Le potentiel de croissance semble important en Amérique du Nord (10 %) ainsi qu'en Europe de l'Est, et dans toute la zone Asie/Pacifique.

En Europe, la progression s'infléchit par rapport aux années précédentes et diminuera probablement de 6 à 4 %. L'échographie est considérée comme un outil majeur du diagnostic final et elle est largement diffusée. Il faut s'attendre à un taux de croissance plus faible, émergeant d'un marché consacré au renouvellement et à la spécialisation, et malgré des prix de marché en augmentation.

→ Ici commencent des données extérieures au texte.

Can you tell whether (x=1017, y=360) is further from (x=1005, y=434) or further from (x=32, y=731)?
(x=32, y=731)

Le regroupement des sociétés acquises par PHILIPS (ATL et AGILENT) et SIEMENS (ACUSON) est maintenant effectif. GE, HITACHI, PHILIPS, SIEMENS et TOSHIBA représentent la majorité du marché des ultrasons (comme de l'imagerie). Si PHILIPS peut dire qu'il est maintenant en seconde position « juste derrière GE » sur le marché de l'imagerie, c'est grâce au rachat d'ATL. En effet, ATL et ACUSON détenaient une part significative du marché de l'échographie. Il faut rappeler que GE avait déjà acquis en 1998 la société VINGMED, spécialisée en échocardiographie, et en 2001, la société KRETZ dont le savoir-faire est reconnu en échographie 3D.

On notera avec intérêt que les gammes de matériels restent parfois redondantes, de peur probablement de déstabiliser la clientèle (achat, SAV). Le marché de la cardiologie, mal représenté au RSNA, fait toujours l'objet d'une activité et d'une gamme spécifique.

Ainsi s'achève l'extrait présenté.